- _What is expected_
Of the material below, only the lines from the line containing "Örebro Hockey matchtröja" down to the line containing "istock The interrogation" belong in the answer, written out exactly.

- _Working data_
__________

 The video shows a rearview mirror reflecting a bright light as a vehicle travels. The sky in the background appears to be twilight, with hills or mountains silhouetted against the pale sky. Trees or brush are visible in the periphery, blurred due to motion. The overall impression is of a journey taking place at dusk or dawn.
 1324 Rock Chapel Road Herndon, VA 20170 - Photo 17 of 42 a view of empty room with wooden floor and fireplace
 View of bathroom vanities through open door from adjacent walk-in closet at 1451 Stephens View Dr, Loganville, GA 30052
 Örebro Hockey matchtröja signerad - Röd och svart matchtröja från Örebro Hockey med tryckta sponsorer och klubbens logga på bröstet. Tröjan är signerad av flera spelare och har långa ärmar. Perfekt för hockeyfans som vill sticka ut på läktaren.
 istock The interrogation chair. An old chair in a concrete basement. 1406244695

__________

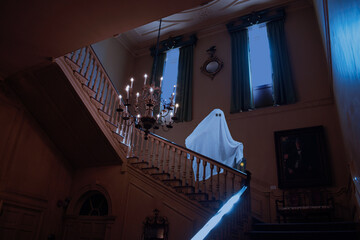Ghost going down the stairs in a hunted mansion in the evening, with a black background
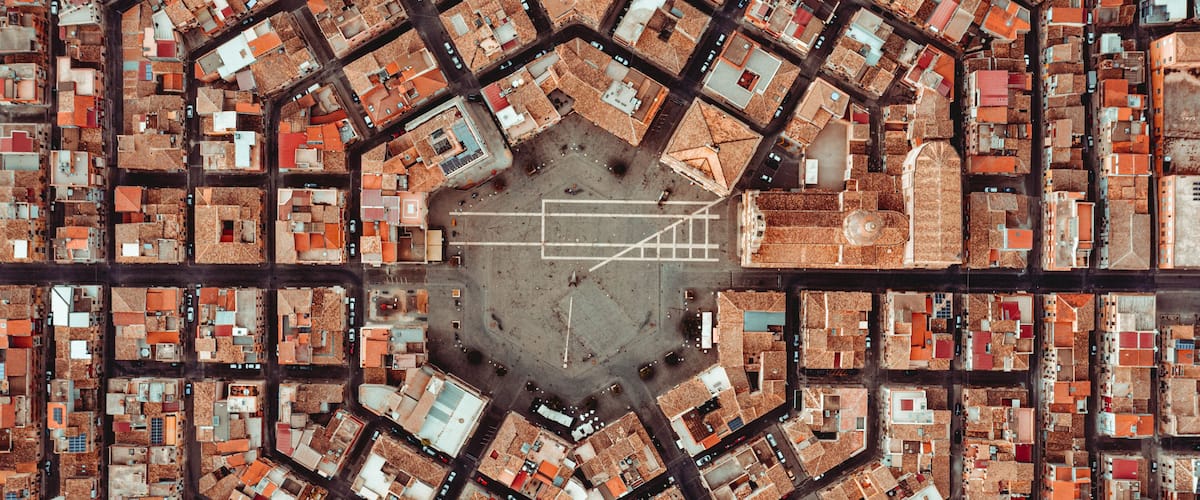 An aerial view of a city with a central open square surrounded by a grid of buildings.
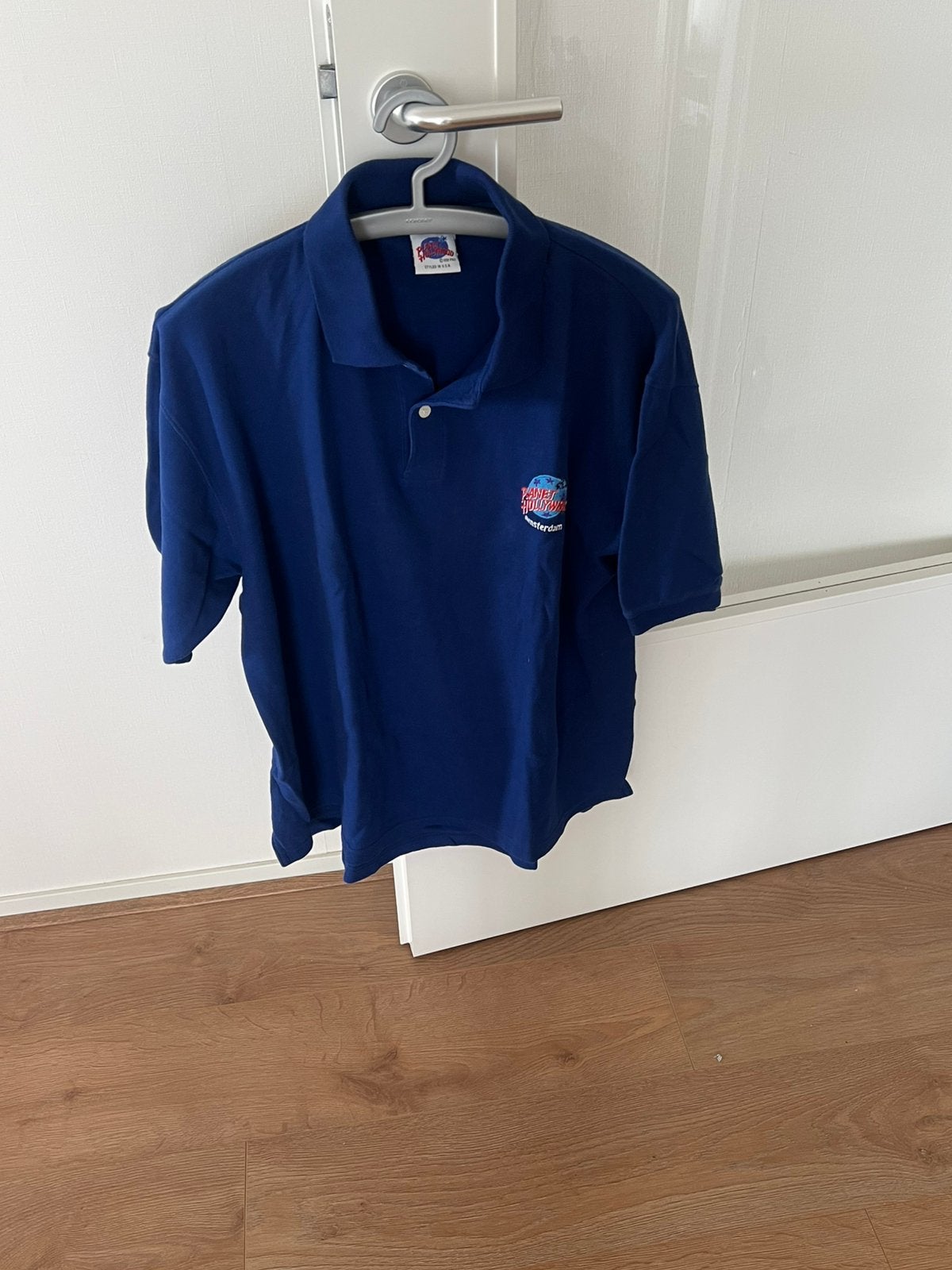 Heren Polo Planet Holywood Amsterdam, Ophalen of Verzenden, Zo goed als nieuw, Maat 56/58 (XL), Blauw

__________

- _Reply_
 Örebro Hockey matchtröja signerad - Röd och svart matchtröja från Örebro Hockey med tryckta sponsorer och klubbens logga på bröstet. Tröjan är signerad av flera spelare och har långa ärmar. Perfekt för hockeyfans som vill sticka ut på läktaren.
 istock The interrogation chair. An old chair in a concrete basement. 1406244695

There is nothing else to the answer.